IONCINEPHILE of the Month: Tim Sutton (Pavilion)

IONCINEMA.com’s IONCINEPHILE of the Month feature focuses on an emerging filmmaker from the world of cinema. This March, we feature Tim Sutton, whose debut film Pavilion premiered almost one year to the day at the 2012 edition of the SXSW Film Festival. Factory 25 just released the film in New York (March 1st) with further dates to come. Below you’ll find our profile and Tim Sutton’s personal Top Ten films of all time can be found here.

Eric Lavallee: During your childhood…what films were important to you?
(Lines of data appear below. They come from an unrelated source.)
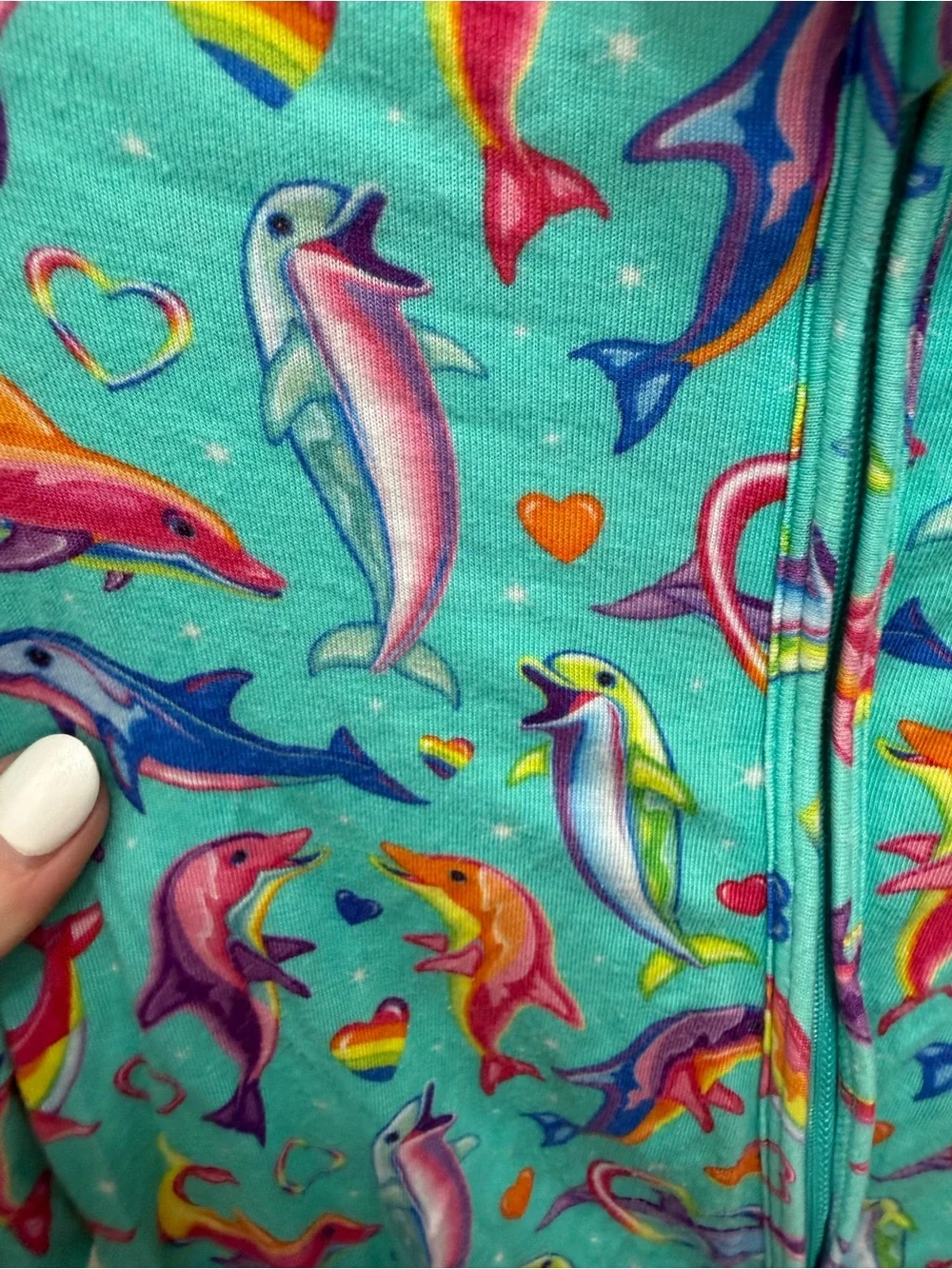 Posh Peanut Lisa Frank Dancing Dolphins convertible zipper pajamas
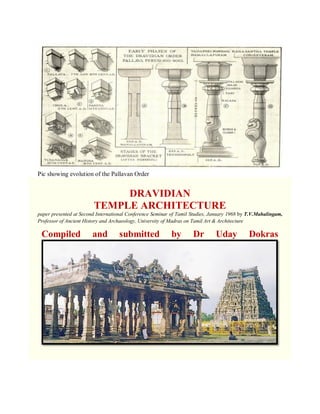 Pic showing evolution of the Pallavan Order
DRAVIDIAN
TEMPLE ARCHITECTURE
paper presented at Second International Conference Seminar of Tamil Studies, January 1968 by T.V.Mahalingam,
Professor of Ancient History and Archaeology, University of Madras on Tamil Art & Architecture
Compiled and submitted by Dr Uday Dokras
 
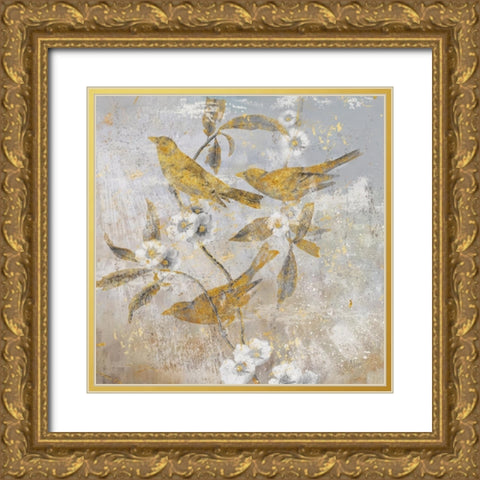 Aviary Garden II Gold Ornate Wood Framed Art Print with Double Matting by Nan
Tim Sutton: The first film I ‘saw’ in a movie theater was Bambi. And all that I can recall (through memory combined with the story told to me over the years) was that my father cried. As a kid, I dug Star Wars, Breaking Away, Ode to Billie Joe – I just remember feeling really sad during the scenes on that bridge) and loved, loved, Watership Down – that was the first film I can remember breaking down walls between the real and the imagined and that animation could be a very serious thing. It was this entire fantasy world that you could then go out in the yard or the woods or climb a tree and attempt to recreate scenes in your head over and over. And it was intense – premonitions, gangs, meadows covered in blood, and all wrapped up into a deeply spiritual quest for safety…and the first protagonist deeply embedded in my head – Hazel. A rabbit. I still love the name Hazel as much as my own sons’ names.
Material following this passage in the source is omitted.